I arrived in Cochabamba, Bolivia just over two weeks ago, and am enjoying getting myself acquainted with Bolivia.  Before departing, I read Rutgers anthropologist Daniel Goldstein’s book Outlawed, which looks at citizen security in Cochabamba southern neighborhoods.  These areas are made up of recent indigenous internal migrants.  This constant struggle to protect one’s family and possessions reminded me of my experiences working in Joplin last summer, a place where residents constantly fear for their safety because of gang violence.  Both Cochabamba and Joplin are places where race and class differences are strikingly obvious: Joplin has a murder rate almost twice Detroit’s, but is just two miles away from rich, white, leafy suburbs.  Cochabamba, and Bolivia as a whole, is incredibly unequal.  Recent indigenous migrants exist side-by-side with the city’s elite.  In both cities, citizens are forced to attempt to protect themselves without the prospect of significant state assistance, but continue to look toward the state for security.

The most striking similarity between Joplin and Cochabamba’s southern sections is the state’s inability or unwillingness to hold a monopoly on force.  While this is true on the surface, the state is not entirely absent in either case.  Instead, Goldstein uses the term “the phantom state” to describe that while the state doesn’t intervene directly, its laws and hypothetical presence shape the actions and expectations of residents.  If the state actually didn’t exist (as perhaps one could say about Mogadishu two years ago), residents would not have to think as hard about whether or not to take security into their own hands.  In Joplin at least, the state exists to a minimal degree, but residents still distrust the police to actually carry out their duties (for a city of between thirty and forty thousand, Joplin has only six officers on duty at a time).
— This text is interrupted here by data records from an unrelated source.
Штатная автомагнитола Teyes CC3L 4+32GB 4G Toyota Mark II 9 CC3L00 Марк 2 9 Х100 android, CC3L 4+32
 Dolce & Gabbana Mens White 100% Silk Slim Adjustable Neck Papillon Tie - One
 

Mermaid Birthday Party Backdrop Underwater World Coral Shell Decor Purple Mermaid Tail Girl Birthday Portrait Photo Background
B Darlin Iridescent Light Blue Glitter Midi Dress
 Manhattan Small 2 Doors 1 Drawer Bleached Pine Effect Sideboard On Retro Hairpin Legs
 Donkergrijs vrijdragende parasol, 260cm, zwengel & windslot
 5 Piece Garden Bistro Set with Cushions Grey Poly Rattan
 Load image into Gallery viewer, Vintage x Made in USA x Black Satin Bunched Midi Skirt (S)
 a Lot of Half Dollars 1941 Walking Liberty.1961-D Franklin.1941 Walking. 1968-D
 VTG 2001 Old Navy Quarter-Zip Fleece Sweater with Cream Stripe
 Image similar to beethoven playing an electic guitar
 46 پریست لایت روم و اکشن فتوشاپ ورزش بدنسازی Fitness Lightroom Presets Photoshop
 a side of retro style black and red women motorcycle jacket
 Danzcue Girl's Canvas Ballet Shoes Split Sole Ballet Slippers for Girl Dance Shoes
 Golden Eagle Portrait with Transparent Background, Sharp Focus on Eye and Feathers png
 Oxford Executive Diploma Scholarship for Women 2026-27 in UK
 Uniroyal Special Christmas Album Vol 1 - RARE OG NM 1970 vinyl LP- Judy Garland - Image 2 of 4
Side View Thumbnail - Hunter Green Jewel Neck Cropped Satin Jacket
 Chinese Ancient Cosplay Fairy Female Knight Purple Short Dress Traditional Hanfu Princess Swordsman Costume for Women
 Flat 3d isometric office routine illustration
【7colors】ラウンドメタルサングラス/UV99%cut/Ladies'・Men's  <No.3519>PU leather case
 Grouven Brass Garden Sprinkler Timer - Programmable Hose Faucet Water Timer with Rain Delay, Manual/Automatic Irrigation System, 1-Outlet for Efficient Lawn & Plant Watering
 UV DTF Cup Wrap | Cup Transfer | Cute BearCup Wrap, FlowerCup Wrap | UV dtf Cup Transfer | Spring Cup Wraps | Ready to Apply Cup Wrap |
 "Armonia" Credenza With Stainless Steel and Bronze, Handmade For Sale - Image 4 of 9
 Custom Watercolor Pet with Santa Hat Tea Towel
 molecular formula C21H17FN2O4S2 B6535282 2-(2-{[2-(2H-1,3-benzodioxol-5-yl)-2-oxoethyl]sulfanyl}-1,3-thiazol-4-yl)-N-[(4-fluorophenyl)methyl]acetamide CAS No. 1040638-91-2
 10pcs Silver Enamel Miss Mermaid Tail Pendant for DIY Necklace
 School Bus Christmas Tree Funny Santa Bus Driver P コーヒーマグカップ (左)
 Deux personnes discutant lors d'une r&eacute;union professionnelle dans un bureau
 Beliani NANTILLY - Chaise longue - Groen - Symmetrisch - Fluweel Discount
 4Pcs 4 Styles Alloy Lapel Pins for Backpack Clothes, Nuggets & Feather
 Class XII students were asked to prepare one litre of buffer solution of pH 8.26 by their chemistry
Despite its constant negligence, it is still the state that residents appeal to for security.  In Cochabamba southern regions, residents are frustrated by laws that prevent police from holding criminals without sufficient evidence.  Many believe in a pact between the police and criminals where criminals, when caught, allow themselves to be taken in by the police, but are then released when they arrive at the station.  By the residents’ reckoning, it gives police officers something to do, it provides a steady stream of revenue to underpaid police officers, and it keeps criminals’ businesses alive.  In community meeting after community meeting in Joplin, I heard a desire for more police on the streets, more raids on suspected drug dens, and more powers to arrest suspected criminals.

The lack of a state to provide security for its citizens challenges our notion of what states are, and similarly, it problematizes human rights discourse.  For many residents of Cochabamba’s southern self-constructed neighborhoods, HR is a language spoken by foreigners that protects criminals rather than normal citizens.  While I never heard HR discourse directly challenged in Joplin, a disdain for suspects’ rights was commonplace.  In mainstream human rights discourse, there is a victim and a perpetrator, but when those lines are not clear cut, applying basic HR concepts becomes much more difficult.  In both Joplin and Bolivia, threats come from a mass of unorganized, faceless, and nameless young men.  Human rights discourse is supposed to protect such masses, but when they themselves are seen as the threat by a terrified populace, residents don’t want to listen to lectures on due process.  If human rights discourse is to succeed in places the like Joplin and Cochabamba, it needs to reinforce the right to receive security services from the state.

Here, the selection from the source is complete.